---------- SUPPLIED INFORMATION
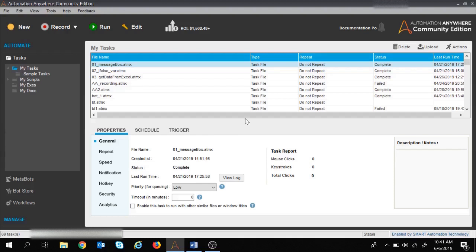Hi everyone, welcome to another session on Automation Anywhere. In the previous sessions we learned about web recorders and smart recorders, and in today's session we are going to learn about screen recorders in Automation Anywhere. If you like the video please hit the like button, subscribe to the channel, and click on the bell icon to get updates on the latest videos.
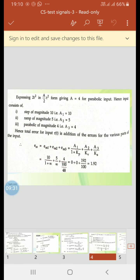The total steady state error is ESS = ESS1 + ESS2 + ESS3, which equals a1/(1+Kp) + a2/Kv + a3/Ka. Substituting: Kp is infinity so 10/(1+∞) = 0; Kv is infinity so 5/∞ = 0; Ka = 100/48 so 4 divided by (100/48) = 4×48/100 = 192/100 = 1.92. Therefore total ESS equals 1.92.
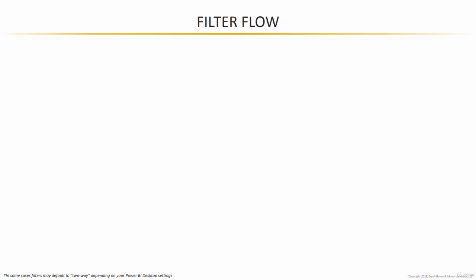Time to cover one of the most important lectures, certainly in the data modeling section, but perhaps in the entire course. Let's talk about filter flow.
--------------------
---------- SUPPLIED INFORMATION
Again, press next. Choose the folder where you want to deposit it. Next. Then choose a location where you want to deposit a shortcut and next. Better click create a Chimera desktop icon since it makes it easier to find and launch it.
--------------------
---------- SUPPLIED INFORMATION
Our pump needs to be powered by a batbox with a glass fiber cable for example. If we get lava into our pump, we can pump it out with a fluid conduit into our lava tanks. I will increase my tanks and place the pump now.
--------------------
* _TASK OBJECTIVE_
What do the entries above read from the line containing "Hi everyone, welcome" through the line containing "Time to cover"? Output those lines exactly, both ends included, with the pictures left out.

* _WRITTEN RESPONSE_
Hi everyone, welcome to another session on Automation Anywhere. In the previous sessions we learned about web recorders and smart recorders, and in today's session we are going to learn about screen recorders in Automation Anywhere. If you like the video please hit the like button, subscribe to the channel, and click on the bell icon to get updates on the latest videos.
The total steady state error is ESS = ESS1 + ESS2 + ESS3, which equals a1/(1+Kp) + a2/Kv + a3/Ka. Substituting: Kp is infinity so 10/(1+∞) = 0; Kv is infinity so 5/∞ = 0; Ka = 100/48 so 4 divided by (100/48) = 4×48/100 = 192/100 = 1.92. Therefore total ESS equals 1.92.
Time to cover one of the most important lectures, certainly in the data modeling section, but perhaps in the entire course. Let's talk about filter flow.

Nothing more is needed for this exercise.